For those of you who are already 'on board' with strongly typed logging, what can Semantic Logging Application Block do for you?    

  1. EventListeners that send your EventSource data to various places like a flat files, Azure storage, the windows event log, a database etc. 
  2. An EventListener host/service that can process events from any processes on the system and do application specific monitoring / rollups. 

 For more complete details see their the PDF file documentation on the 'Download' tab.  Here are the links for the current release (but are likely to be broken in the future)

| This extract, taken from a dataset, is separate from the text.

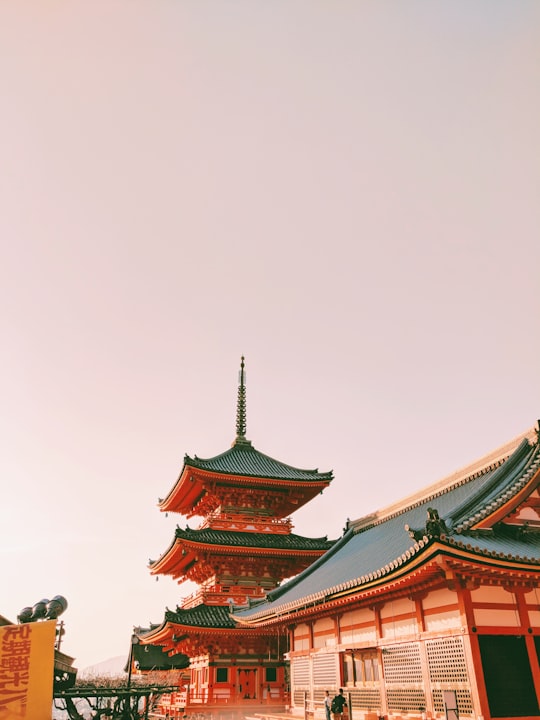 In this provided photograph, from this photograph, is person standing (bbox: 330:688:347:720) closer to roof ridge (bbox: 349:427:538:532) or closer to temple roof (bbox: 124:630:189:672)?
roof ridge (bbox: 349:427:538:532)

  1. SemanticLogging-DevelopersGuide-draft-CTP.pdf
  2. SemanticLogging-ReferenceDocs-draft-CTP.pdf

So, if you are doing logging on the .NET platform, you should be using EventSource.   If are looking around for what reusable code you can leverage, take a look at the Semantic Logging Application Block. 

Vance

Comments

  • Anonymous
    October 28, 2013
    I like the notion of strongly typed events but it seems to be a bit at odds with a pluggable logging architecture.  With a typical ILog interface you have a set number of methods to log in an admittedly unstructured way but the interface is pretty much fixed.  With the strongly typed (EventSource) approach you either A) skip interfaces and use EventSource directly (tight coupling) and loose the benefits of a "pluggable" approach or B) you design an interface with strongly typed methods that map 1-to-1 with some EventSource that gets plugged in.  The problem with approach B is that for every new Write method you have to update the interface.  Has anybody made EventSource work in a pluggable logging architecture? Perhaps the pluggable aspect is how ETW is pluggable?   Is it also the recommended practice that for every single new trace event, the developer adds a strongly typed method to the EventSource?  That seems like it might get old after a while and perhaps messy as folks remove code and corresponding EventSource method calls.  As those EventSource methods become dead code, you can't really remove them without affecting the event id value, right?  So you're left carrying around the dead code.

  • Anonymous
    October 28, 2013
    The comment has been removed

  • Anonymous
    October 28, 2013
    The comment has been removed

  • Anonymous
    October 28, 2013
    The comment has been removed

  • Anonymous
    October 28, 2013
    Thanks!  I'm still trying to wrap my ahead this approach to logging and this extra info helps.

  • Anonymous
    August 12, 2014
    aaaaaaaaaaaaaaaaaaaaaaaaaaaaaaaaaaaaaaaaaaaaaa

  • Anonymous
    December 10, 2014
    SLAB is great but unfortunately it has two significant issues when used in Azure: (1) The out-of-process host/service cannot run on an Azure Website. Neither the deployment script nor a WebJob is allowed access ETW sessions. This is very unfortunate, considering how the somewhat obsolete  System.Diagnostics.Trace is integrated so well, with easy configuration for both blob and table storage (including retention policy and verbosity threshold). A SLAB service website configuration would would be a big win. (2) There is no ETW viewer that I know of that supports Azure Tables, so once your logs are written to the table your only way of viewing it is using a generic Table viewer. For filtering you can get around it using (paid) tools such as ClumsyLeaf's TableXplorer, but for activity ID correlation you're completely out of luck to the best of my knowledge. A perfview extension that reads SLAB Azure Table logs would be huge.